Ray Liota is primarily known for playing kick as mobster characters. Another character he's know for is Tommy Vercetti(?), the lead character from Grand Theft Auto: Vice City. The term Vice City was coined after the hit tv series of the late 80's/early 90's called Miami Vice. The main characters, Crockett and Tubbs, were protrayed by Don Johnsom and Phillip Michael Thomas. Those guys were sooooo fucking lame... Just like Jack Black. 

**EDIT*
Mos Def is an accomplished actor. He got his break into the entertainment industry as a hip-hop artist. He has done several performances including the Chappelle Show, which stars Dave Chappelle. Dave Chappelle does several hilarious characters but the one I find most entertaining is Leonard Washington. While doing a parody of the show "wife swap" he moved in with a white family. He read the paper and said "Who in the hell is Renee Zell-Wejja", everyone in the audiance lol'd because they knew he was talking about Renee Zellweger. 

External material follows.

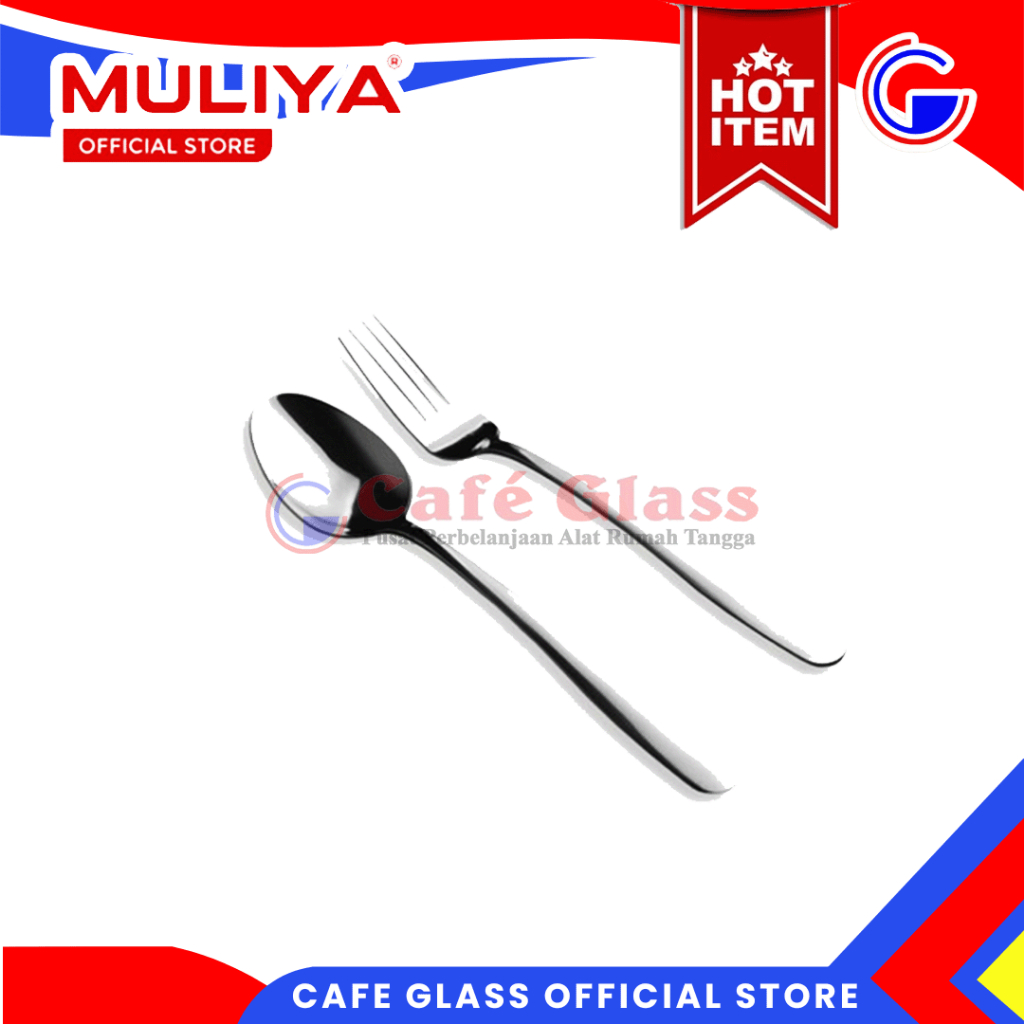 Sendok Dan Garpu Makan Muliya Tipe Verbana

Erika Toda to Robert Downey Jr.


----------



## Twilight Deity Link (May 20, 2008)

Mos Def was in 16 blocks with Bruce Willis,Bruce Willis was in Ocean's Twelve with Catherine Zeta-Jones, Catherine Zeta-Jones was in Chicago with Renee Zwelleger.

Joe Pesci to Barry Pepper.


----------



## LIL_M0 (May 20, 2008)

Twilight Deity Link said:


> Mos Def was in 16 blocks with Bruce Willis,Bruce Willis was in Ocean's Twelve with Catherine Zeta-Jones, Catherine Zeta-Jones was in Chicago with Renee Zwelleger.
> 
> Joe Pesci to Barry Pepper.


You skipped mine.


----------



## Twilight Deity Link (May 20, 2008)

Sorry.


----------



## Kira U. Masaki (May 21, 2008)

toda to chris britton in death note the movie, britton to glover in earthsea, glover to black in be kind rewind, black to downey in tropic thunder (this was a toughie)
pesci to damon in good shepard, damon to pepper in saving private ryan

ludacris to joseph finnes


----------



## YamiHikari (May 21, 2008)

These are fun!  (Or not and I'm just weird...)

Ludacris was in Crash (great movie) with Don Cheadle who was in Ocean's Eleven with Matt Damon who was in The Good Shephard with Alec Baldwin who was in Running with Scissors with Joseph Finnes.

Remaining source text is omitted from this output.